La personalità di Giacomo, viene mostrata con due facce opposte della stessa medaglia. Da un lato, l’uomo dedito al suo lavoro, che con somma esperienza, riesce a essere sempre opportuno e impeccabile, dall’altro lato, invece, una persona debole e insicura, che non ha ancora ben chiare le sue pretese nei confronti della vita. Il rapporto con il giovane Rafael gli permette di infrangere gli schemi che lo renderanno un personaggio piacevole al lettore, a differenza del monotono e sempre titubante portiere d’albergo della prima parte del romanzo. Un personaggio, ampiamente ambiguo, dunque, che porta il lettore a porsi continue domande, in un contesto dove nulla è come sembra, ma in cui tutto viene reso chiaro e visibile, al momento opportuno.

Ogni cosa andrebbe vissuta almeno due volte. Come i libri che rileggiamo, o i film di cui recitiamo le battute a memoria. È un peccato non rivedere la faccia del tuo migliore amico, la prima volta che l’hai incontrato. Quando gli hai detto “piacere” senza sapere ancora il suo nome. Senza immaginare che una sera avrebbe capito tutto di te e un’altra, subito dopo, ti avrebbe deluso.

La lettura scorre in maniera piacevole e ci immerge in un racconto dove l’ imprevedibilità degli eventi la fa da padrona, offrendoci un cocktail di personaggi divertenti e intriganti, a cui l’autore Bianchini ci ha abituati. Una storia che mette insieme le ansie e le paure dei personaggi, che per vari motivi, hanno smarrito la loro stella polare, ma pur non vedendola, continuano imperterriti a cercarla; perché solo in quel modo, sapranno di percorrere la strada giusta.

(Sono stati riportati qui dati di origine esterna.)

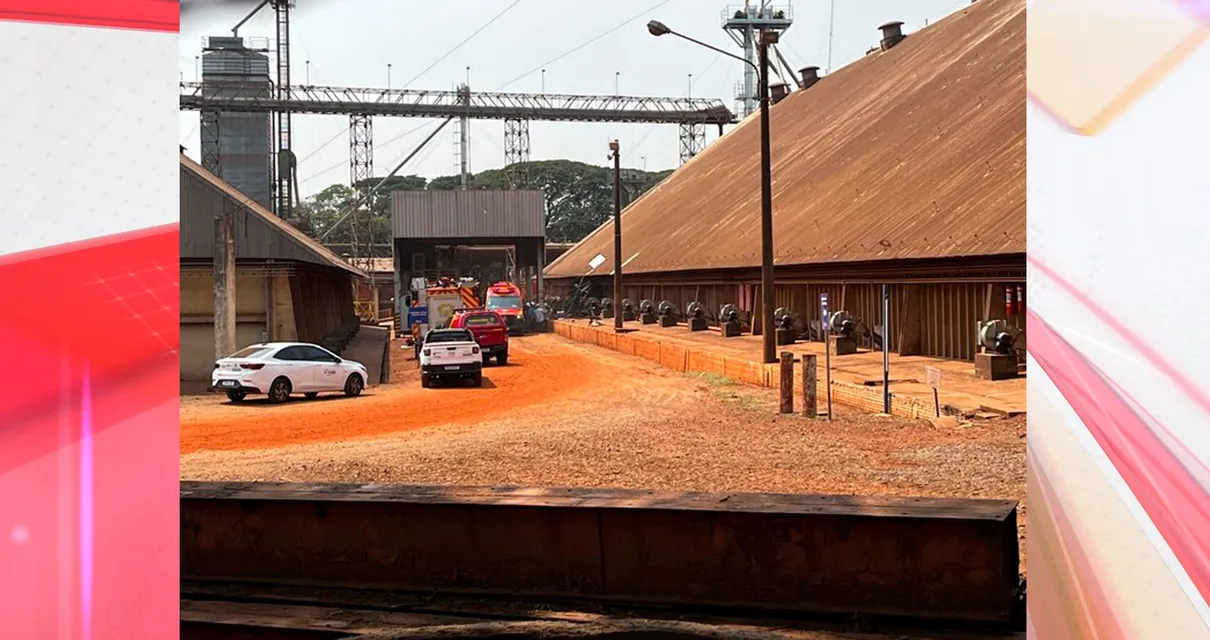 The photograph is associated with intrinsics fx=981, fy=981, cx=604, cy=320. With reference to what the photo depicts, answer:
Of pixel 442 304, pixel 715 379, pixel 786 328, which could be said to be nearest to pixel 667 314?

La guardò dritta negli occhi. Allungò le sue dita su quel viso cadente e raggrinzito, dignitoso di cipria. Lo sfiorò. La signora Silvana appoggiò la sua mano su quella di Giacomo e la lasciò li, schiacciata sulla sua guancia riscaldata dal sole. Erano anni che nessuno le aveva più fatto una carezza. Non era ancora la notte di San Silvestro, ma per lei non c’era brindisi che valesse più di quel gesto.